In a more individual example a woman may paint an image in therapy of a mountain lion: this is an image that has cropped up repeatedly in her dreams. When following this image through a series of paintings and drawings, she realizes she identifies with the mountain lion as a creature of power that hides from the world most of the time. In giving this image space to exist, she realizes her own power was quelled and sometimes stomped out by her parents who could not tolerate it in a girl.
Art is an incredible way to give unconscious content a safe place to breathe air. It is often indirect, a sideways approach to trauma or shadow aspects of self. Our imagination can conjure a reference to parts of ourselves or buried trauma that is more accurate and powerful than the prose of talk therapy. Creative writing, music, and dance are naturally included in my reference to art.
Directive: Draw/paint a picture of an animal, person, or object that has been repeating itself in your life through dreams, tv, art, etc. Perhaps you find yourself attracted to tv shows about prisoners or zombies, or you have been dreaming about highways or fish. Whatever the image is, draw it for yourself. Write in the margins or within the image thoughts and feelings that pop up as you are drawing - track what else seems connected to this image for you. Repeat this, create a series until the meaning of this becomes clearer to you. It may take several art pieces to get to the deeper meanings and references within this image, and one image may lead to others that are more powerful and accurate for you: trust and follow the art.
Repeated Stories
There can be stories we find ourselves telling others regularly that speak indirectly to our trauma, whether it hides it or sugar-coats it or justifies it. It could be a woman talking fondly about her mother criticizing her choice of clothing and hair styles: to her this story has always been proof of how close she is with her mother, until one day she realizes that it sounds dysfunctional. In examining it she realizes that this is the hurtful way love manifests in her family, exemplified by her parents and carried on in herself and in her relationships. It could also be a repeated theme in a story (e.g. "So of course this guy betrays me too...") that attracts a person's attention over time.

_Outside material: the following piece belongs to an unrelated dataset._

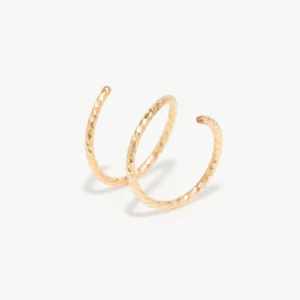 Anneau double Éclat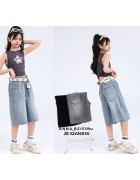 26935 син Шорти дитячі 28-32 по 5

Every individual and family has repeated stories. These stories are manifestations of family and personal ethos, and even more benign ones may speak in some way to intergenerational trauma that has affected the group and individuals profoundly. With that said, not every family trauma generates further trauma. But every family trauma generates meaning, habits, and lessons carried down through the generations.
Directive: Take a story that you tell people regularly about yourself or someone close to you and write it out. Look closely at it and tell it in a different way: draw it as a cartoon, write it as a script for a play or movie, act it out through movement, whatever new way you want to tell it. What new meanings crop up for you around this story? What feelings, what thoughts?
At the end of the day we are our own healers. We carry the trauma of our lives or our family to keep it safe until it can be healed. Sometimes the carrying gets to be too much and it hurts: if we can, letting the trauma see the light of day outside of us and feeling the feelings associated with it can ultimately lighten the burden. That is what therapy can do, and what the expressive therapies can do with great sophistication and finesse.